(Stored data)

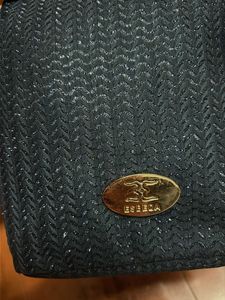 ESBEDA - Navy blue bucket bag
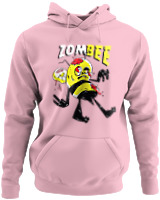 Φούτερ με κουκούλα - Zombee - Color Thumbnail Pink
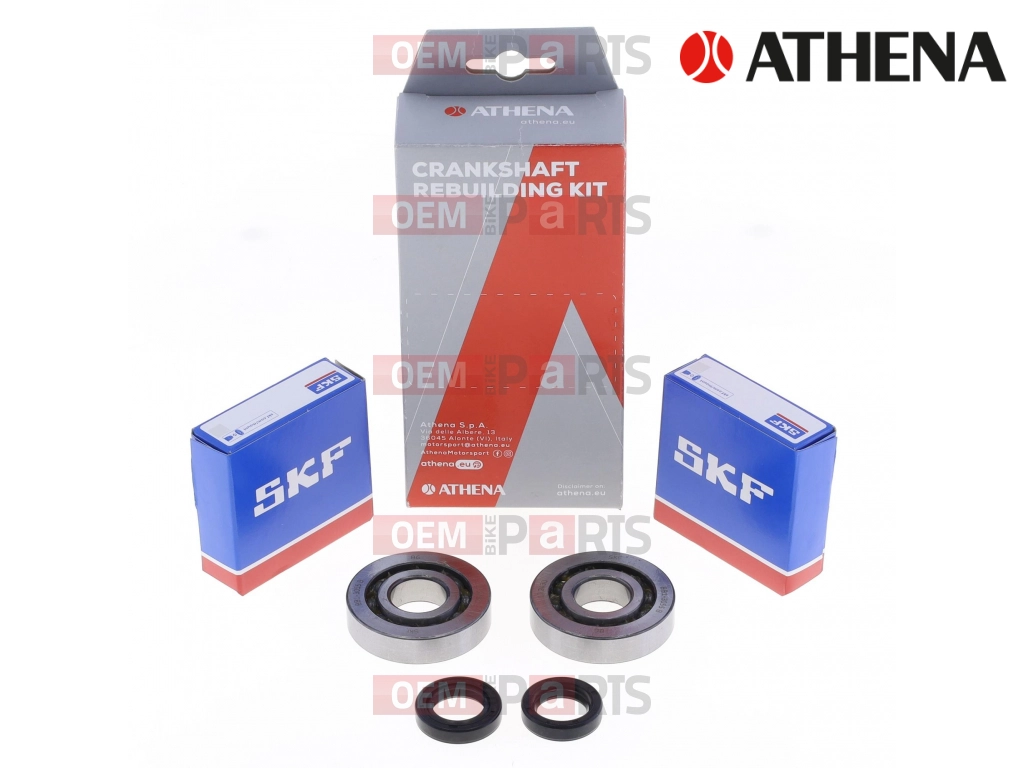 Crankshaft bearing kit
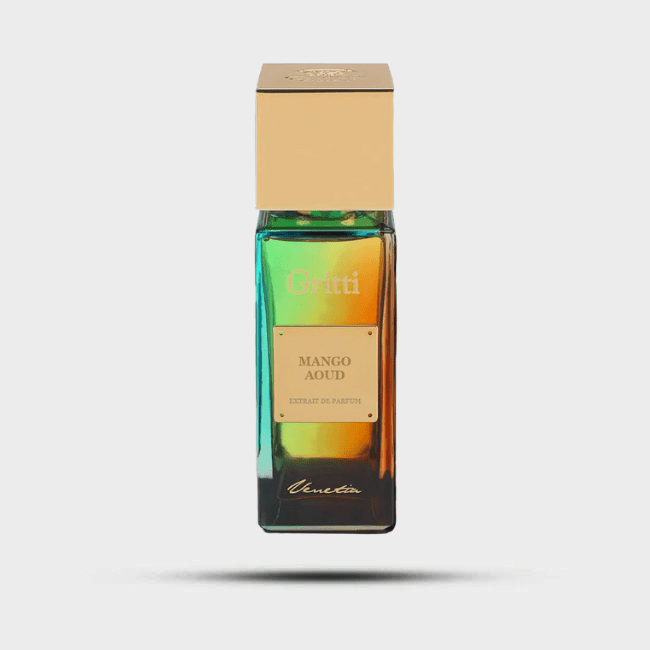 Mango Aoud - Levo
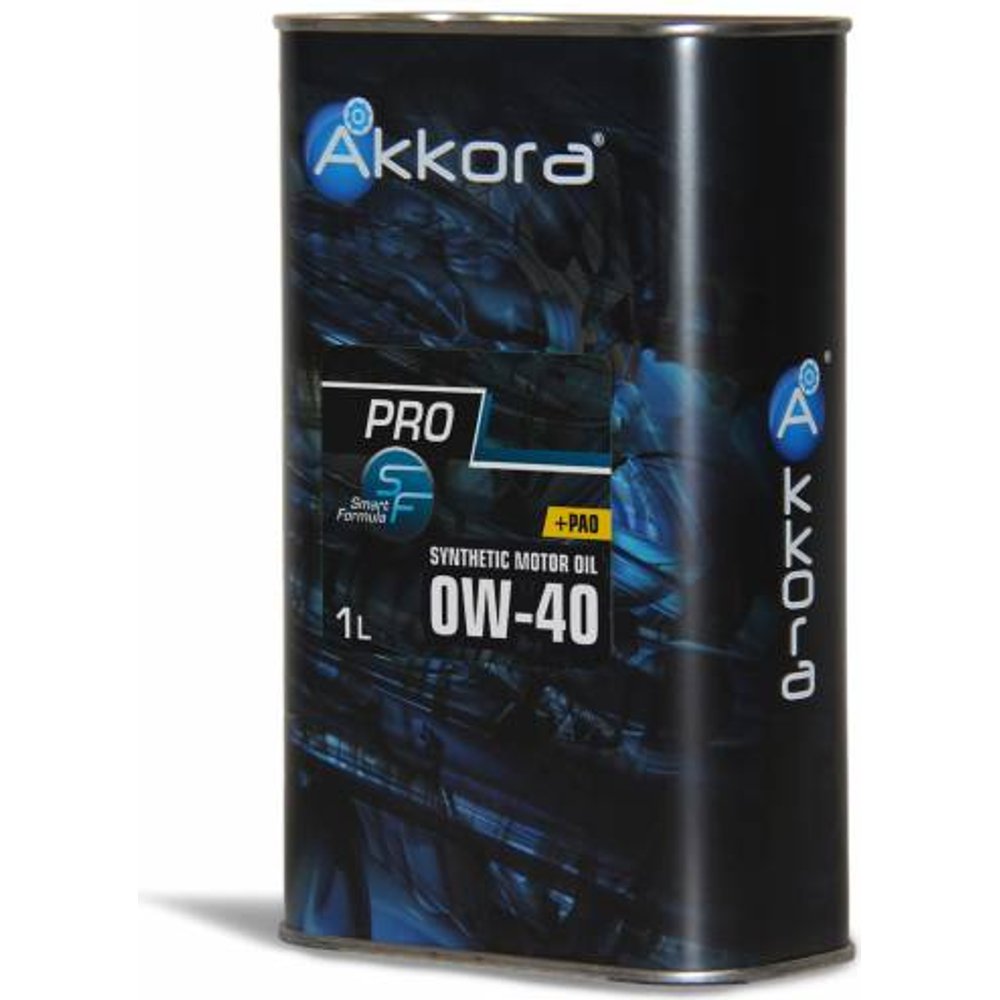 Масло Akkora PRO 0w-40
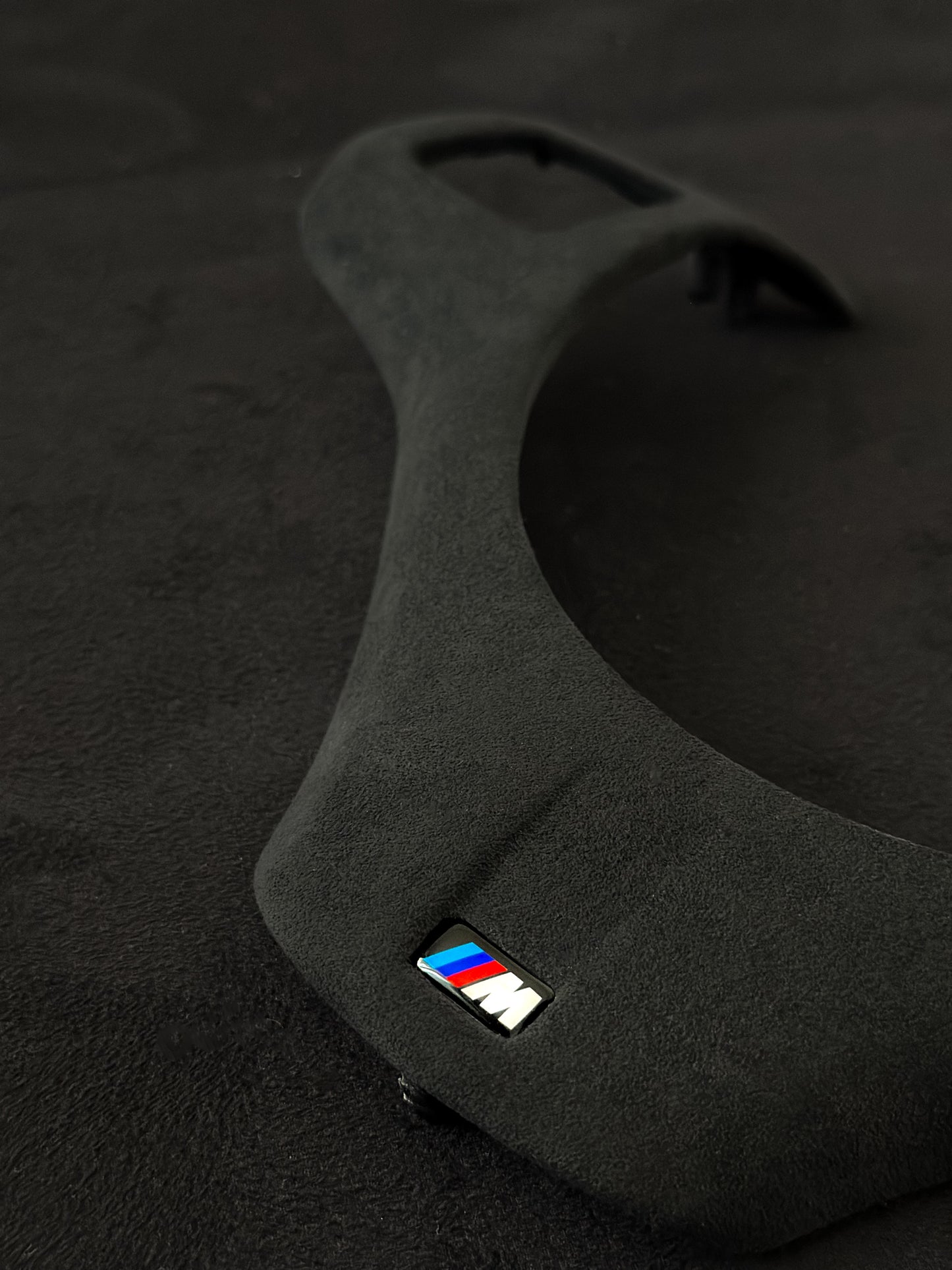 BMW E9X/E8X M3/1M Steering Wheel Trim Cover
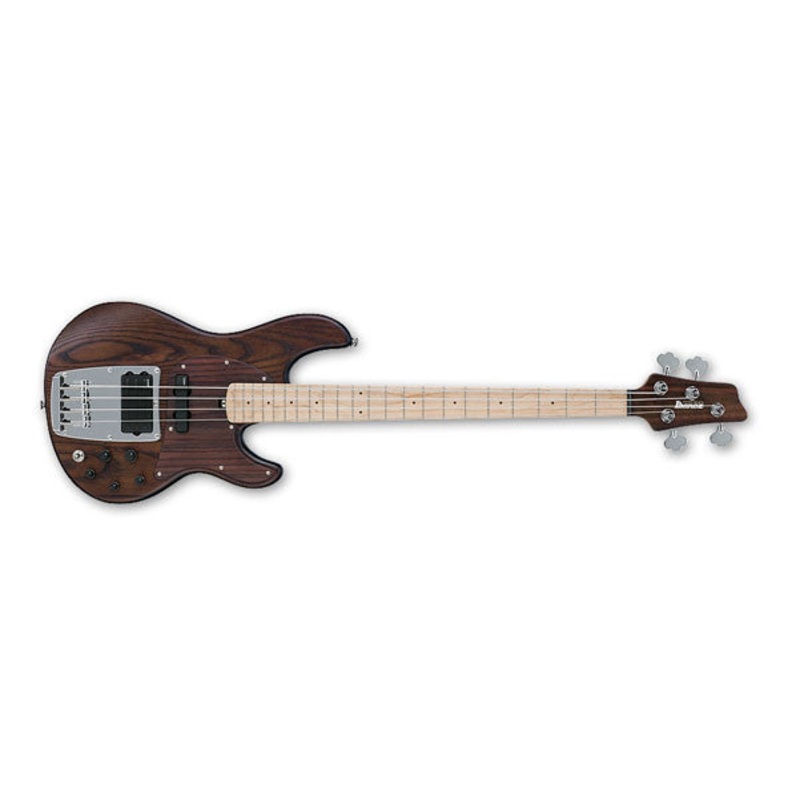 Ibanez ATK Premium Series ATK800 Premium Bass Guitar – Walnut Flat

• **Task item**
Copy exactly, please, every line from the one holding "Mango Aoud - Levo" through the last line of the data, both ends included, and no pictures.

• **Written solution**
 Mango Aoud - Levo
 Масло Akkora PRO 0w-40
 BMW E9X/E8X M3/1M Steering Wheel Trim Cover
 Ibanez ATK Premium Series ATK800 Premium Bass Guitar – Walnut Flat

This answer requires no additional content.